_Task instructions_: Could you restate word for word every line from the one containing "Mobiler Safelog-Transportroboter in" to the end of the data below, pictures excluded?

_Data below_:
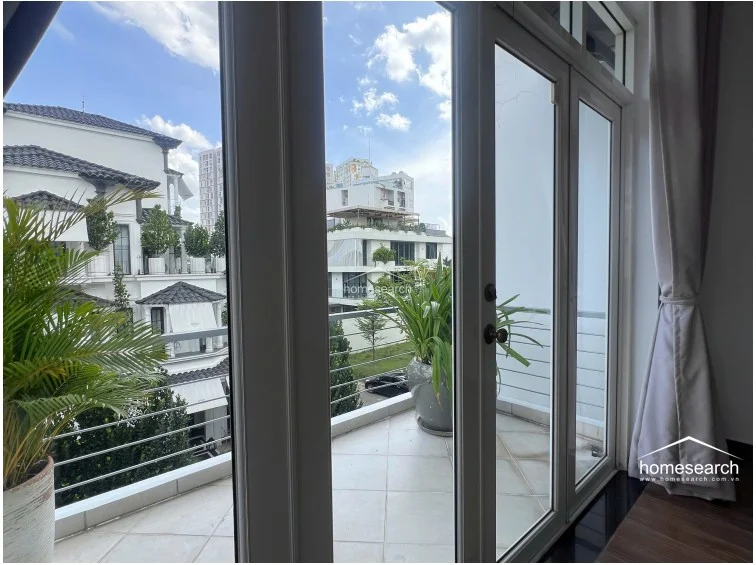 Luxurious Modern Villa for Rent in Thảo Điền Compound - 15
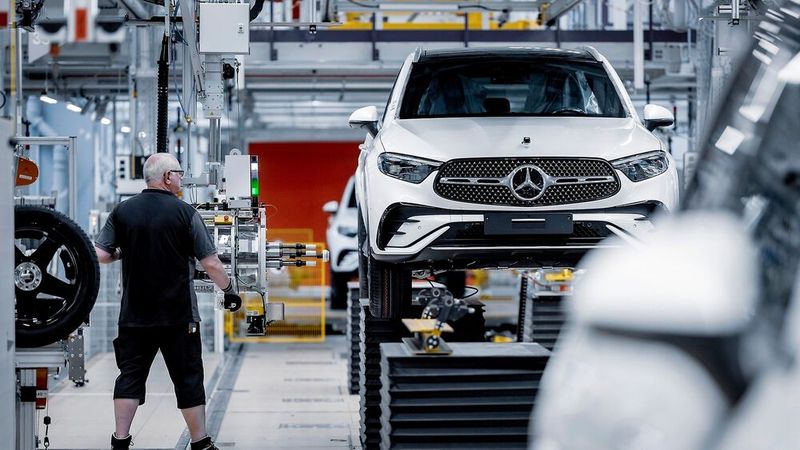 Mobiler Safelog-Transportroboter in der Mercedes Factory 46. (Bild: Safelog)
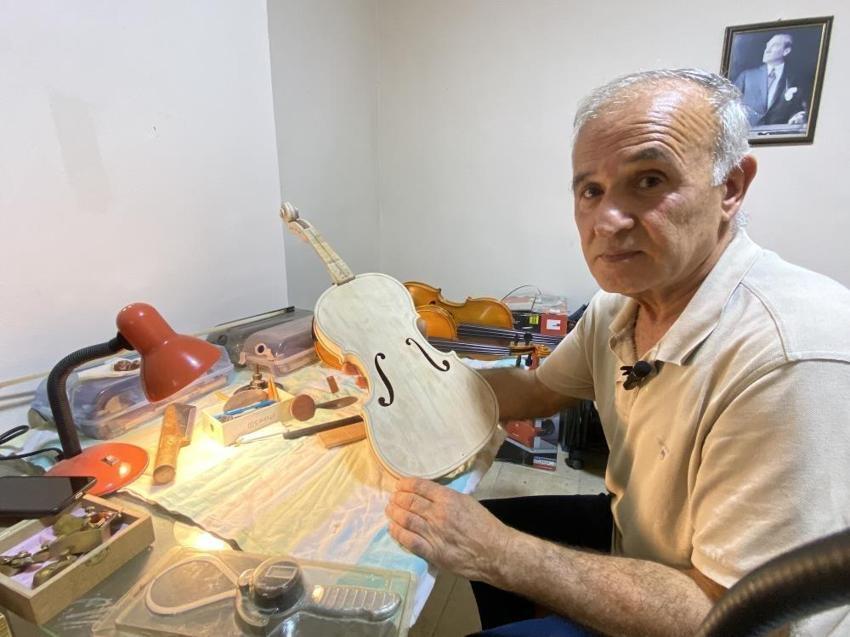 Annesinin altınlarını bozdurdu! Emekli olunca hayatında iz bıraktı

_Solution to the exercise_:
 Mobiler Safelog-Transportroboter in der Mercedes Factory 46. (Bild: Safelog)
 Annesinin altınlarını bozdurdu! Emekli olunca hayatında iz bıraktı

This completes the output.